In our opinion: Conserving shoreline

Talk to the staff at the Vashon-Maury Island Land Trust, and you find that they’ve been pushing hard for the last few years, working on one small deal after another to take advantage of a remarkable opportunity.

It was an opportunity that initially was bittersweet. King County and the land trust — with the help of Sen. Patty Murray — secured millions of dollars in conservation funds to try to negotiate a deal to buy out Glacier Northwest’s mammoth mine on Maury Island. The negotiations fell apart, Glacier walked from the table, and the county and its partners were left wondering what to do with more than $7 million.

Thankfully for us Islanders, they didn’t dither long.

Now, a few years — and many deals — later, some of Vashon’s last best stretches of shoreline are in public ownership.

Habitat for forage fish — the basis for the Sound’s complex food chain — is protected.

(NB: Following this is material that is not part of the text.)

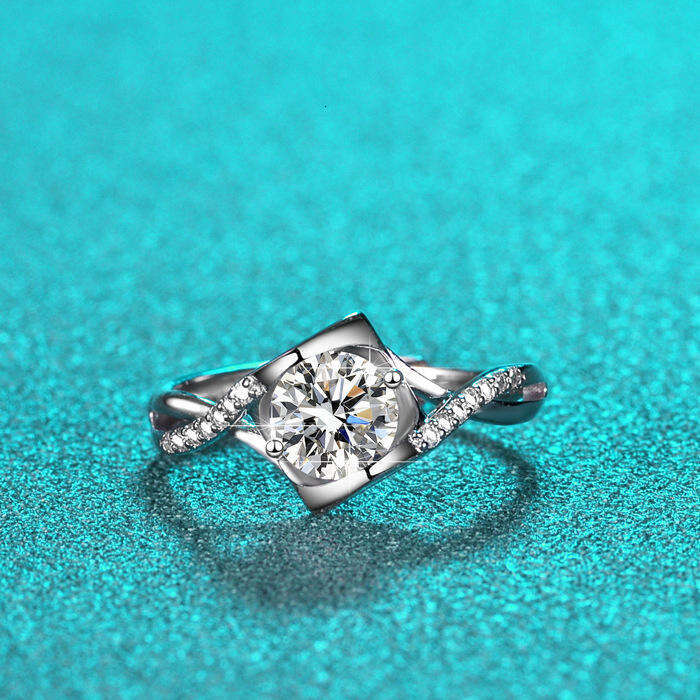 DHCollections Pure Sier Women's Ring Twist Arm Micro Pave Angel Kiss Proposal Moissanite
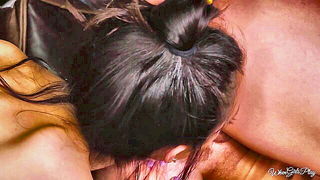 Couple on a made bed in an explicit scene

Life-sustaining eelgrass beds are preserved. And a few prized pieces of real estate are now open to the public.

It’s not the end to the Glacier mine, an albatross that weighs on our Island. But it’s still a remarkable achievement on an Island that boasts some of the last best marine habitat in central Puget Sound.

The land trust’s staff intends to now go into planning mode, working to figure out what’s next. But we hope they find some time to relish an impressive body of work — and that Islanders take time to appreciate some lovely stretches of Vashon that are now in public ownership.